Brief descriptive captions
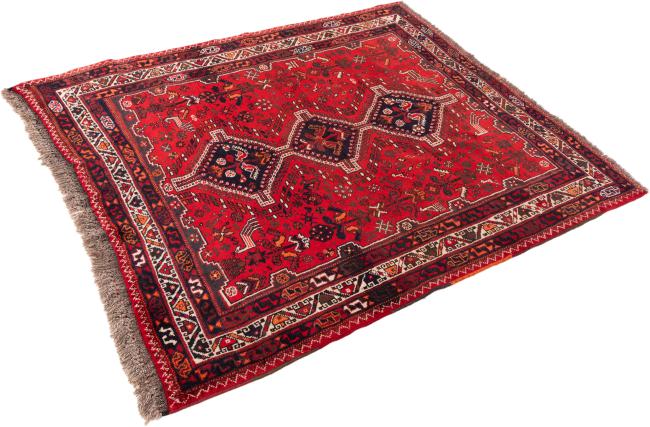 Shiraz - 1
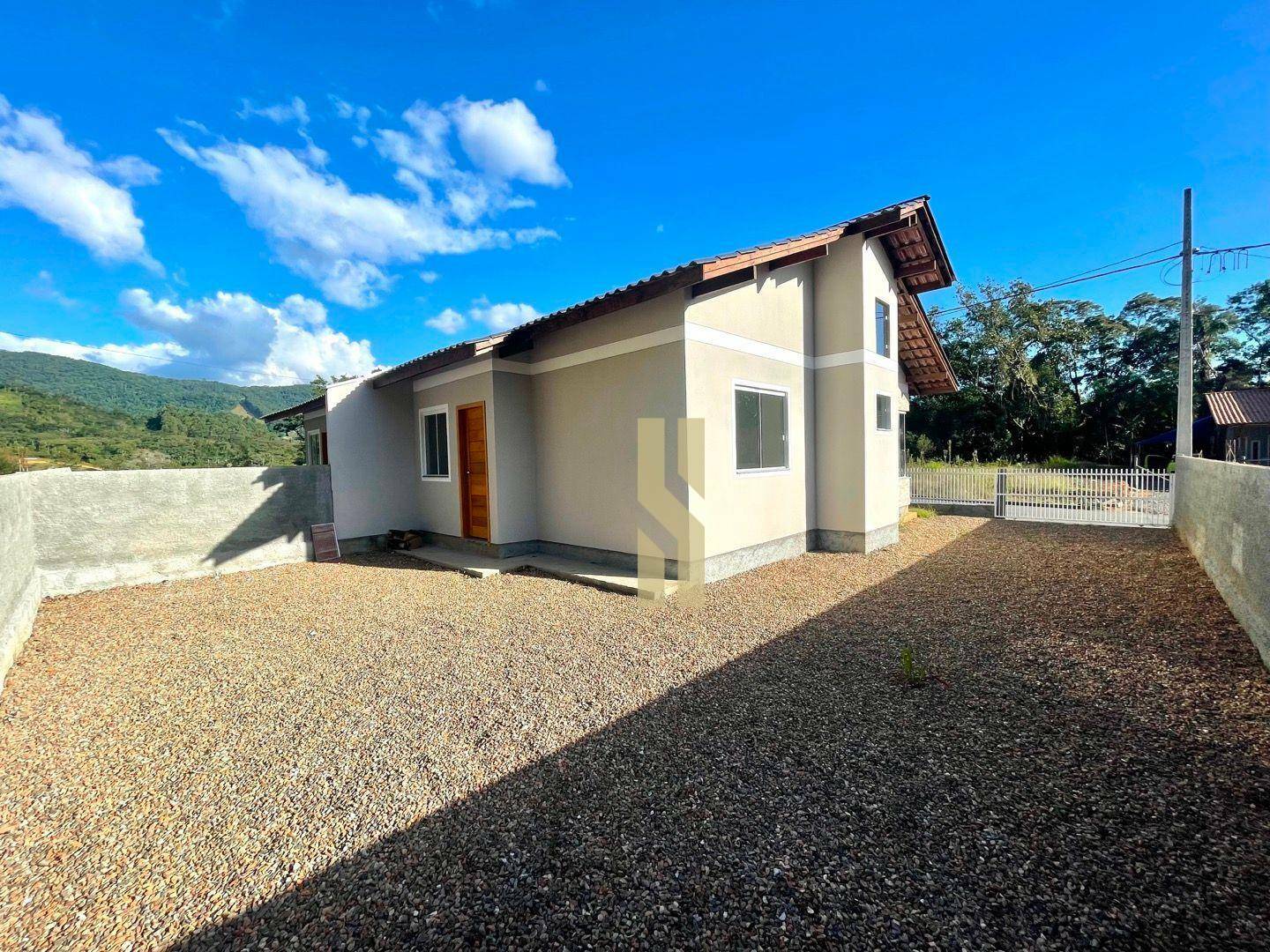 Casa à venda com 2 quartos, 50m² - Foto 20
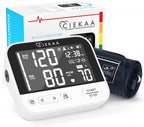 CIEKAA Blood Pressure Monitor | Automatic Digital BP Machine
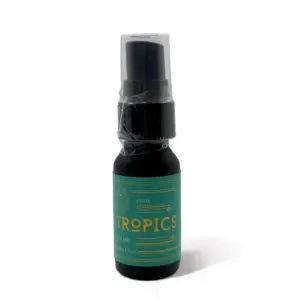 Magic Mushroom Tincture Mouth Spray 8G - NeauTropics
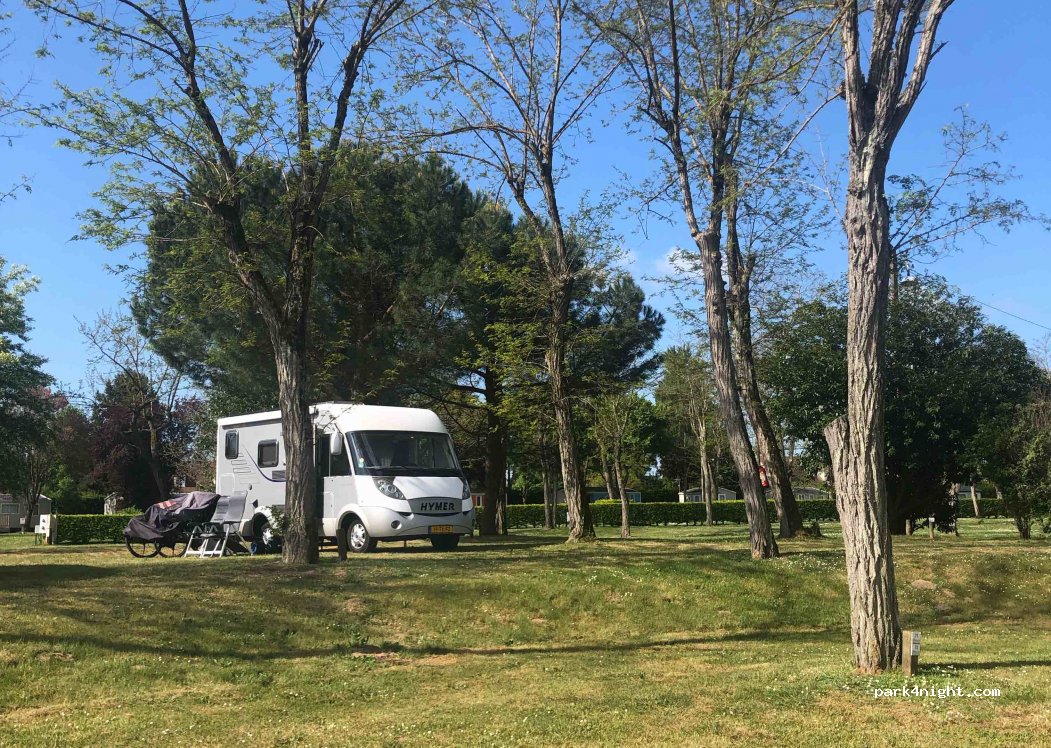 Camping Gien — foto 3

Task requirements: All records above are to be output verbatim, with their pictures omitted.

Solution to this exercise:
 Shiraz - 1
 Casa à venda com 2 quartos, 50m² - Foto 20
 CIEKAA Blood Pressure Monitor | Automatic Digital BP Machine
 Magic Mushroom Tincture Mouth Spray 8G - NeauTropics
 Camping Gien — foto 3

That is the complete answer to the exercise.